■ **YOUR INSTRUCTIONS**: Starting at the first line of the material below and stopping after the line that includes "Marble Kintsugi Horse", write the lines out again exactly. Drop any pictures.

■ **DATA EXTRACT**:
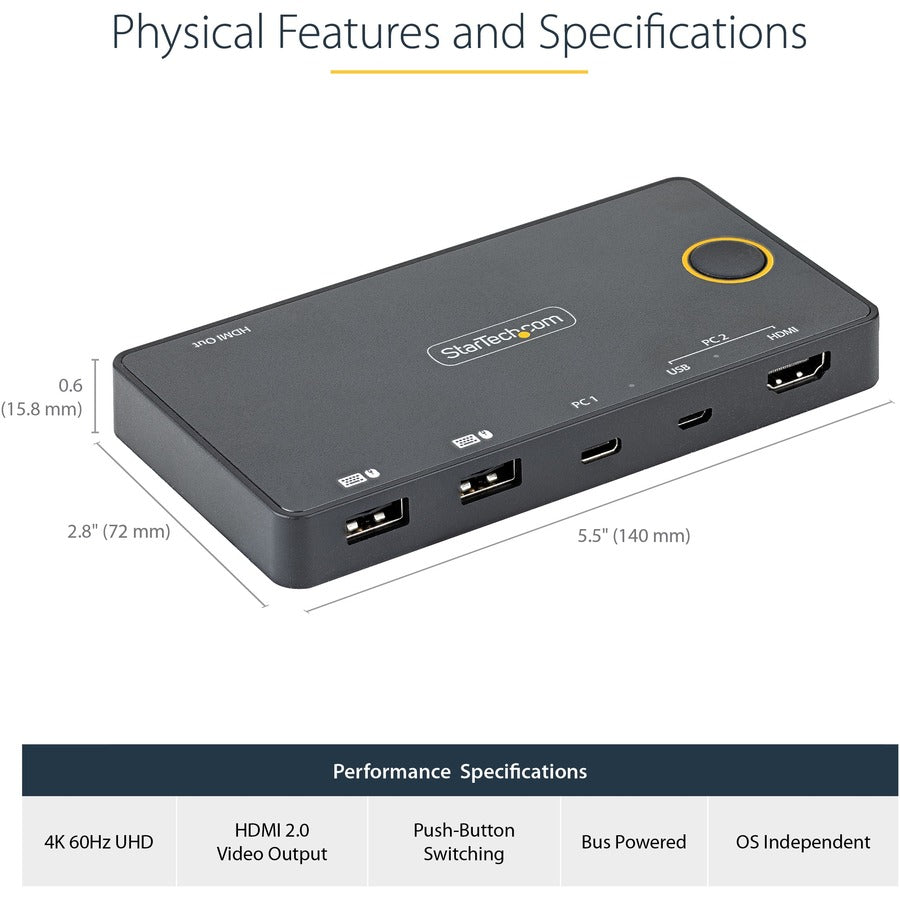 StarTech.com 2 Port Hybrid USB-A + HDMI & USB-C KVM Switch, Single 4K 60Hz HDMI 2.0 Monitor, Compact Desktop and/or Laptop HDMI KVM Switch SV221HUC4K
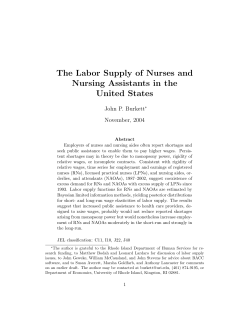 The Labor Supply of Nurses and Nursing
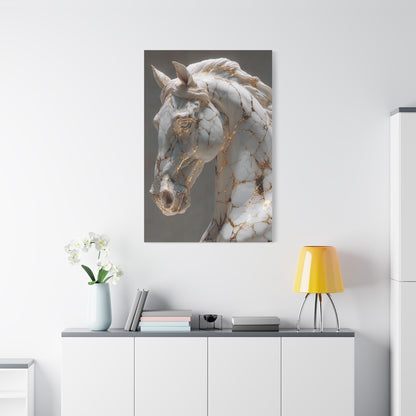 Marble Kintsugi Horse Sculpture Wall Art & Canvas Print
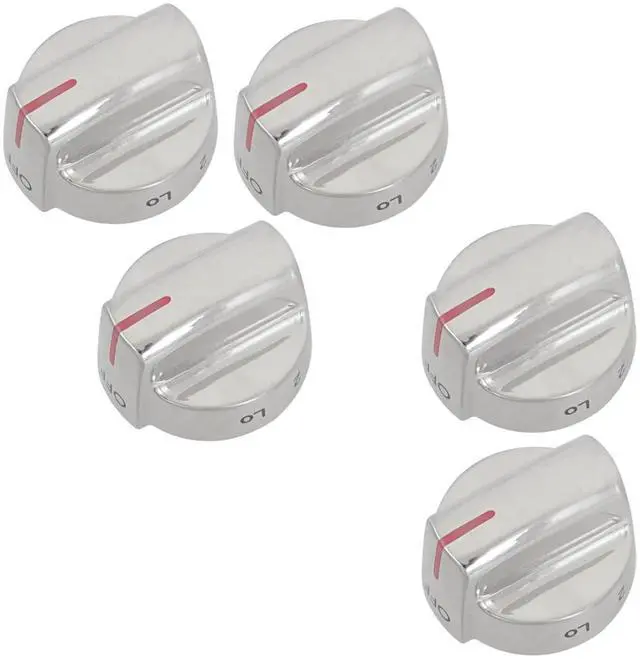 Main image of Universal Fit Stainless Steel Burner Control Knobs 5-Pack Replacement for Frigidaire Gallery Stove 5304509929, 5304509064, DOO93176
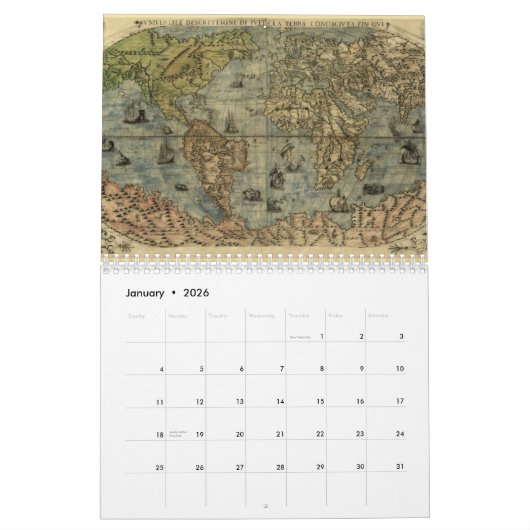 Cartes antiques du calendrier du monde (Jan 2026)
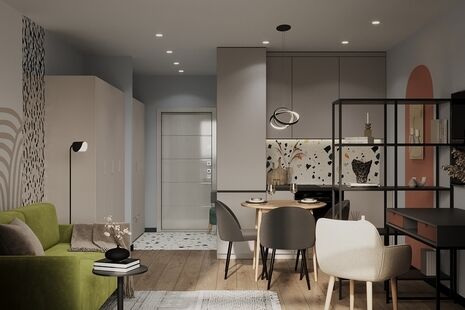 Фото № 5: Дизайн-проект квартиры-студии 23.34  м² Стиль Эклектика для ЖК Утес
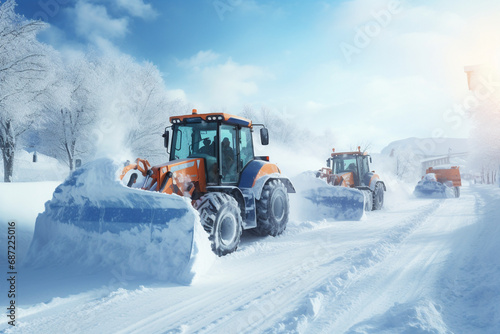 the tractor cleans the snowdrifts. generative ai. heavy snowfall paralyzed the city.	
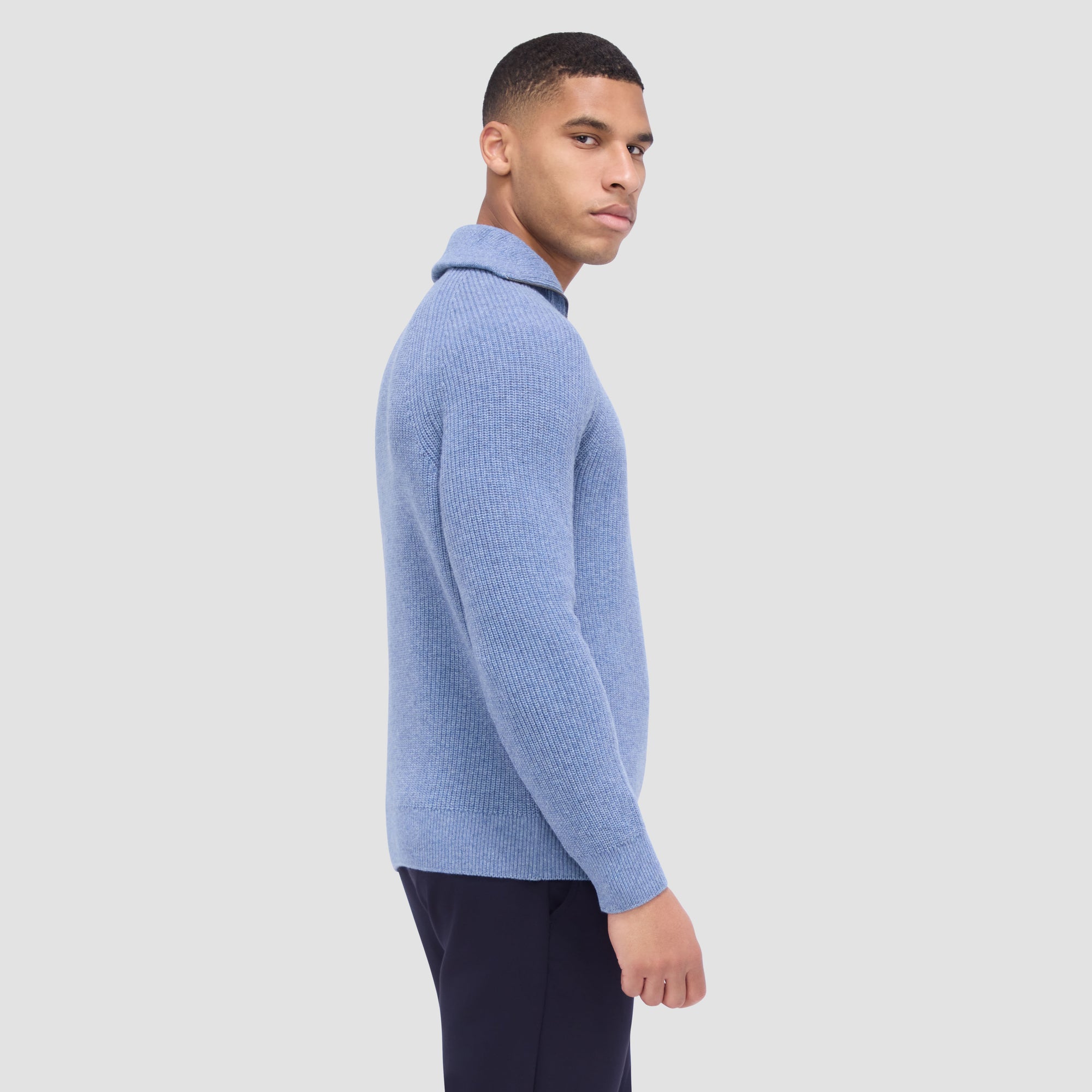 Fisherman Rib-Stitch Quarter-Zip Sweater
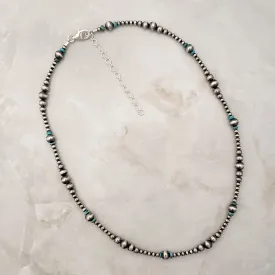 Navajo Pearls & Blue Turquoise Multi Graduated Necklace Sterling Silver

■ **SOLUTION TO THE PROBLEM**:
 StarTech.com 2 Port Hybrid USB-A + HDMI & USB-C KVM Switch, Single 4K 60Hz HDMI 2.0 Monitor, Compact Desktop and/or Laptop HDMI KVM Switch SV221HUC4K
 The Labor Supply of Nurses and Nursing
 Marble Kintsugi Horse Sculpture Wall Art & Canvas Print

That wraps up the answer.